Главное же, однако... ну, в конце концов мы разбираемся с моим к нему отношением... так вот, если ты оглянешься назад, как это часто делаю я, ты обнаружишь его в любой момент моей жизни следующим за мной, как собака за колбасником. Он родился в тот день, когда умер мой отец. Едва он подрос и стал что-то из себя представлять, он как будто выскочил прямо передо мной из земли и обволок меня, словно я угодил в зыбучие пески или в гигантскую коровью лепешку. Потом... ладно, до этого мы еще доберемся. Это может прозвучать несколько безумно, учитывая соотношение наших судеб и мест в истории, однако с течением лет я стал воспринимать Александра, как свою тень — плоскую темную сущность, которая всегда рядом, позади или передо мной, в зависимости от положения солнца, но всегда здесь, копирует каждое мое движение в другом измерении, следуя за мной или обгоняя; проклятье — часть меня, но совершенно самостоятельная, ни в чем со мной несхожая.
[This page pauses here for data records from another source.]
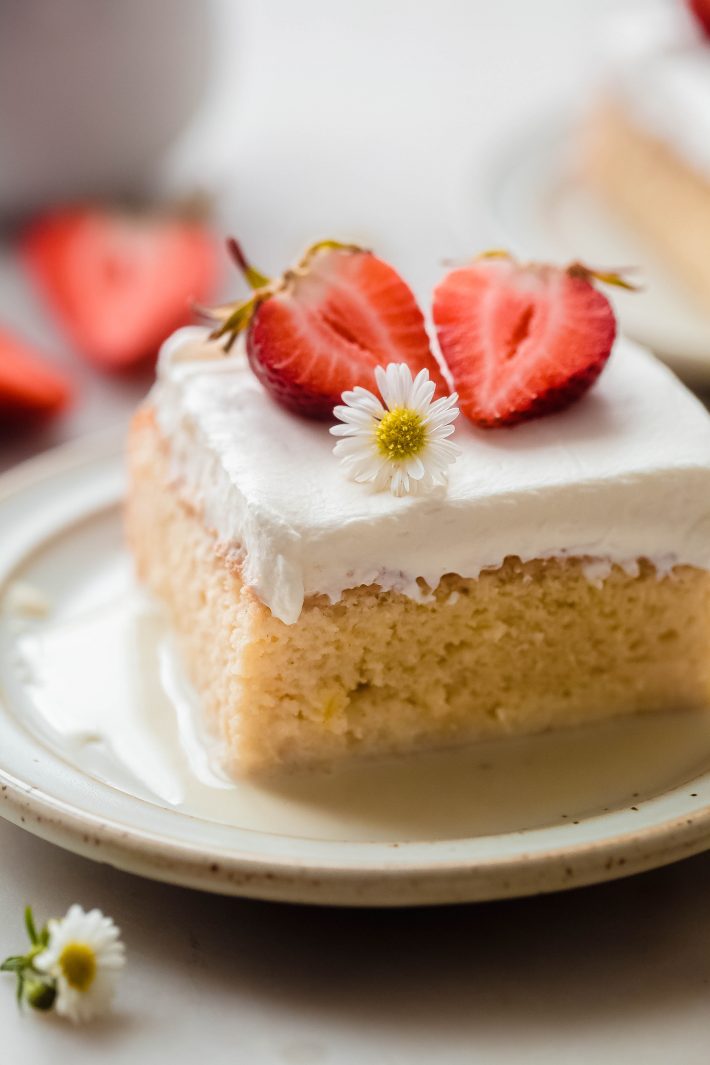 slice of tres leches cake on plate with milk syrup, whipped cream, strawberries, and a small flower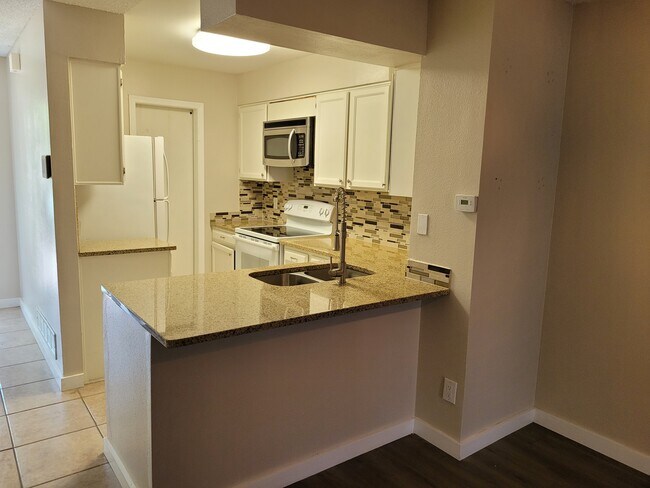 Kitchen with 1/2 bath behind barn door - 1228 S Idalia St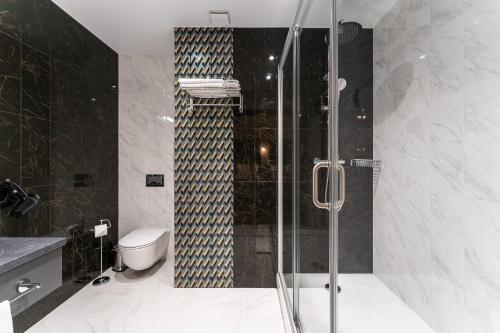 uma casa de banho com uma cabina de duche em vidro e um WC. em Old Riga Plaza Hotel em Riga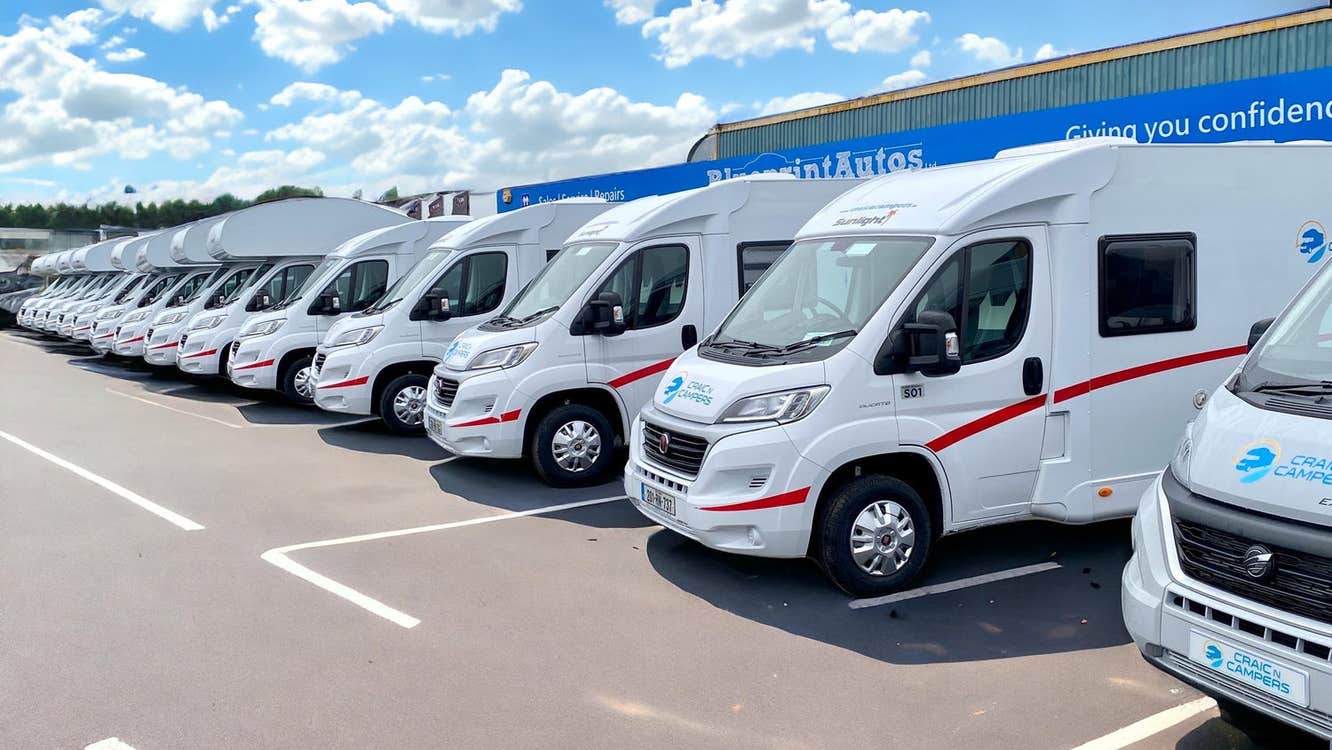 Row of campervans parked outside a rental agency building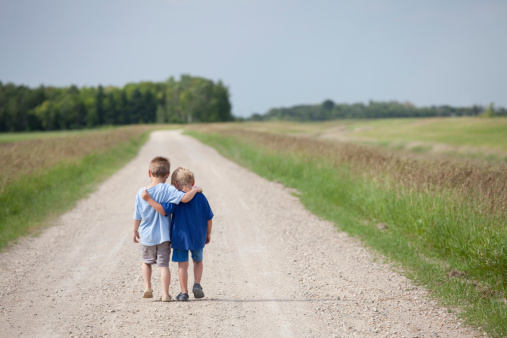Two boys hugging and walking down a rural gravel road. Rear view. Caucasian models. Young children are four and five years old. Themes include friendship, love, care, brothers, siblings, friends, bonding, fun, walking, consoling, cute, relationships, mates, talking, comfort, and summer. 
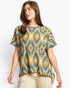 A woman wearing a short-sleeve knit top with a geometric Southwestern pattern in olive green, beige, turquoise, and mustard yellow, paired with khaki cargo pants, against a light gray studio background.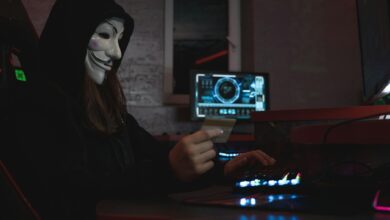 Masked hacker with credit card at computer, symbolizing cybercrime and anonymity.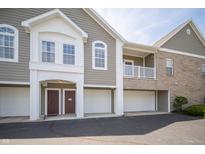 Inviting condo building with attached garages and well-maintained landscaping at 1575 Sierra Springs, Carmel, IN 46280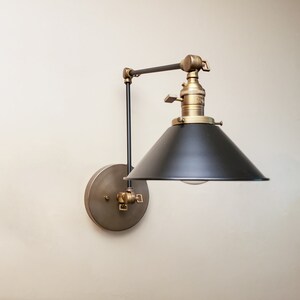 May include: A black and brass wall-mounted light fixture with a black metal shade and a brass arm. The light is adjustable and can be moved up and down.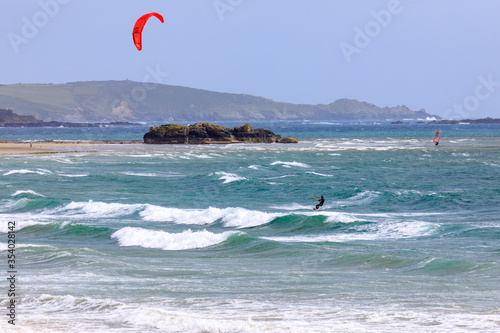 Lone Kite Surfer sailing across Mounts Bay  Marazion and photographed from the public road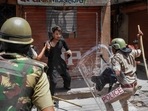 Police charge a miscreant to maintain peace after clashes broke out between two communities on Eid-ul-Fitr, in Jalori Gate area, in Jodhpur, Tuesday, May 3, 2022. (PTI Photo) Police charge a miscreant to maintain peace after clashes broke out between two communities on Eid-ul-Fitr, in Jalori Gate area, in Jodhpur, Tuesday, May 3, 2022. (PTI Photo)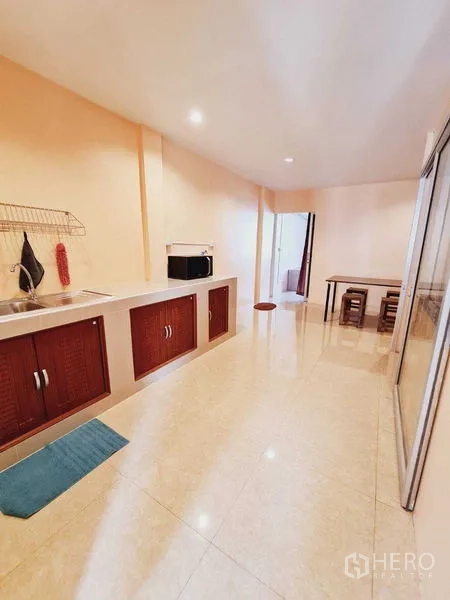 Shophouse for sale in Lam Luk Ka, Pathum Thani - Long kitchen with sink, built-in wooden cabinets and sliding glass door.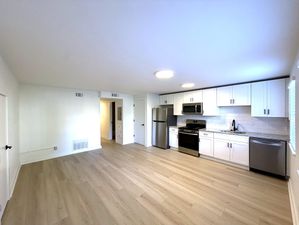 Bright, modern kitchen with stainless steel appliances, sleek white cabinetry, and elegant wood flooring, offering a spacious and welcoming environment.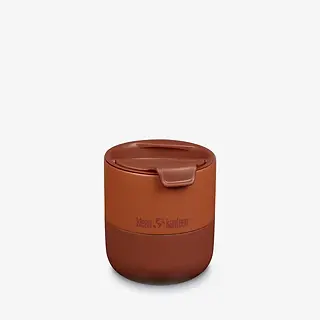 Klean Kanteen Rise Lowball Tumbler with Flip Lid in earthy orange, designed for insulation and portability.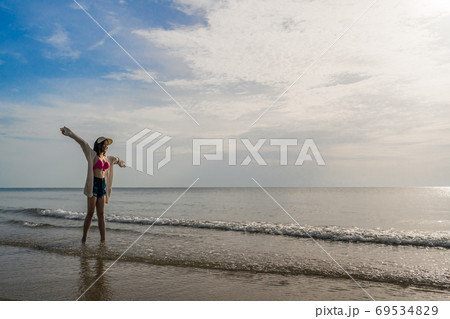 freedom woman in bikini walking with arms raised on sea beach 69534829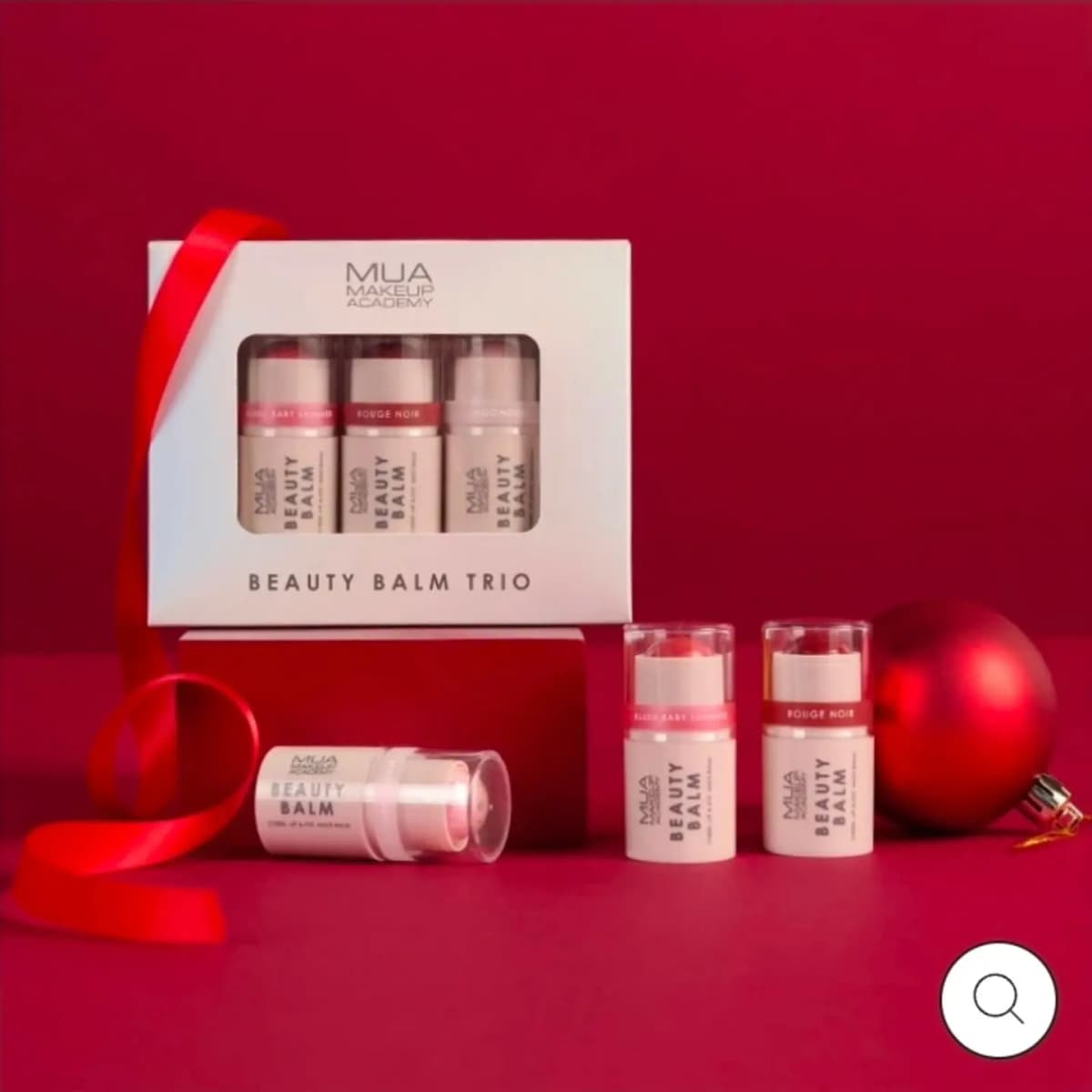 MUA Beauty Balm Trio box with Blush Baby Shimmer, Rouge Noir and a pink balm stick beside a red bauble and ribbon.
Я скажу тебе одну вещь, Фризевт, которую никому никогда не говорил. Я собираюсь когда-нибудь стать больше Александра, значительнее Александра, меня будут крепче помнить и еще крепче любить. Потому что я и есть лучше его — я отбрасывал его, мою тень; я сотворил его по своему образу, но я настоящий человек, а он только плоский, темный контур, который становится неестественно длинным или широким в зависимости от высоты солнца над горизонтом за моей спиной. Я еще одержу над ним верх, Фризевт, оставлю его за собой, совершив нечто достойное, сделав жизни бесчисленных еще нерожденных людей лучше. Боги, да я уже победил его, разве нет? Если ты сомневаешься в этом, спроси себя: кто из нас двоих до сих пор жив?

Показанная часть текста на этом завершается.